Lawyer Robert Shapiro, whose clients have included O.J. Simpson, was representing Mr. Spector. "I don't know answers to any of this," Mr. Shapiro said by telephone from the Alhambra Police Department before his client's release.
Authorities did not immediately identify the woman or her relationship to Mr. Spector.
The victim, found in the foyer, appeared to be in her early to mid-20s, and authorities were trying to locate her relatives, sheriff's Lt. Daniel Rosenberg said. He said deputies had found the gun, but released no details.
Police arrived after someone in the home called to report shots had been fired, Lt. Rosenberg said.
"Someone else was there at the time of the shooting," he said, declining to elaborate. A black Mercedes-Benz sedan with the driver's door open was parked in the driveway of the home, which records show that Mr. Spector bought for $1.1 million in 1998.
A close friend, lawyer Marvin Mitchelson, said Mr. Spector lived alone and didn't have a girlfriend.
Mr. Mitchelson said he and Mr. Spector had been trying to put together a movie about Mr. Spector's life.
"His mental state has been great, very rational, very together," Mr. Mitchelson said.
Mr. Spector is famous for creating the "wall-of-sound" effect that involved overdubbing scores of musicians to create a full, dramatic sound. The lush technique changed the way pop records were produced while bringing fame to singing groups such as the Ronettes and the Crystals.
In his storied career, Mr. Spector produced records for Elvis Presley, Ike and Tina Turner, the Righteous Brothers, and Darlene Love. He produced the last Beatles album, "Let It Be," in 1970. He worked with John Lennon on "Imagine" and helped Yoko Ono produce Mr. Lennon's work after he was killed in 1980.
Among the hits to bear his signature style are "Da Doo Ron Ron" and "Then He Kissed Me" by the Crystals, "Walking in the Rain" by the Ronettes, and "You've Lost That Lovin' Feelin" by the Righteous Brothers.
His session players, known as the Wrecking Crew, included guitarist Glen Campbell, pianist Leon Russell, drummer Hal Blaine and the late Sonny Bono, who learned the producer's trade under Mr. Spector. But his production style, involving heavy use of echo, went out of style.
Mr. Spector, who was inducted into the Rock and Roll Hall of Fame in 1989, has been reclusive during the past couple of decades. His last major album was "End of the Century," a 1980 collaboration with the Ramones.
During the session, the late bassist Dee Dee Ramone once said, Mr. Spector pulled a gun on the band.
"I don't think he would hurt a fly. Until anything happens, you're innocent until you're proven guilty. I don't think Phil had it in him to murder anybody," Marky Ramone, drummer for the Ramones, told the Fox News Channel.

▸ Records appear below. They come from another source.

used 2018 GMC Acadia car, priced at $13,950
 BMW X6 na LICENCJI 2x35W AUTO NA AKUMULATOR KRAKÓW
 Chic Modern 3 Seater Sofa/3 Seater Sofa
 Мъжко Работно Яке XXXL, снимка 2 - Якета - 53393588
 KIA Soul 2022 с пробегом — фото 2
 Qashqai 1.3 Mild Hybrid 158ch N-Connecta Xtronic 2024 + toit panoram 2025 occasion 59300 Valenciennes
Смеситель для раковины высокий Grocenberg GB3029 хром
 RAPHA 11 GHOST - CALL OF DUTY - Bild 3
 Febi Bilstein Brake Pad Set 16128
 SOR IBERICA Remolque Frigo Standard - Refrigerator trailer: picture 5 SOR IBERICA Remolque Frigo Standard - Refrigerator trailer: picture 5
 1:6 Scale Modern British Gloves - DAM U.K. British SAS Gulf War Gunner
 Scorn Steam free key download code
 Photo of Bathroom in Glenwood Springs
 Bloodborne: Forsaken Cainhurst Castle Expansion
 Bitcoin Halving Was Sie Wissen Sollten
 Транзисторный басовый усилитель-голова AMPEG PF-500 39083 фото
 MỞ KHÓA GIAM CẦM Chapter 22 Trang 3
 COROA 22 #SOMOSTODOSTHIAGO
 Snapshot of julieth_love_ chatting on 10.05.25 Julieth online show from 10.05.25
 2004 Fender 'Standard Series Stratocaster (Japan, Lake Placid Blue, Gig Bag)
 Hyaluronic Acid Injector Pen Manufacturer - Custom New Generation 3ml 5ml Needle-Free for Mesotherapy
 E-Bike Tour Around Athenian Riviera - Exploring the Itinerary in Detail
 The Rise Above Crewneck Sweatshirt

The producer is said to have demonstrated near-psychotic and abusive behavior, according to a 1995 biography by Rolling Stone magazine.
"It had to stop," Mr. Spector said of his behavior in a 1977 Los Angeles Times interview. "Being the rich millionaire in the mansion and then dressing up as Batman. I have to admit I did enjoy it to a certain extent. But I began to realize it was very unhealthy."
Mr. Spector was a 17-year-old student at Fairfax High School in Los Angeles when he wrote and produced his first No. 1 hit, for the Teddy Bears, a 1958 ballad called "To Know Him Is to Love Him." Its title was taken from the inscription on the gravestone of his father, Benjamin, who committed suicide in 1949, when Spector was 9.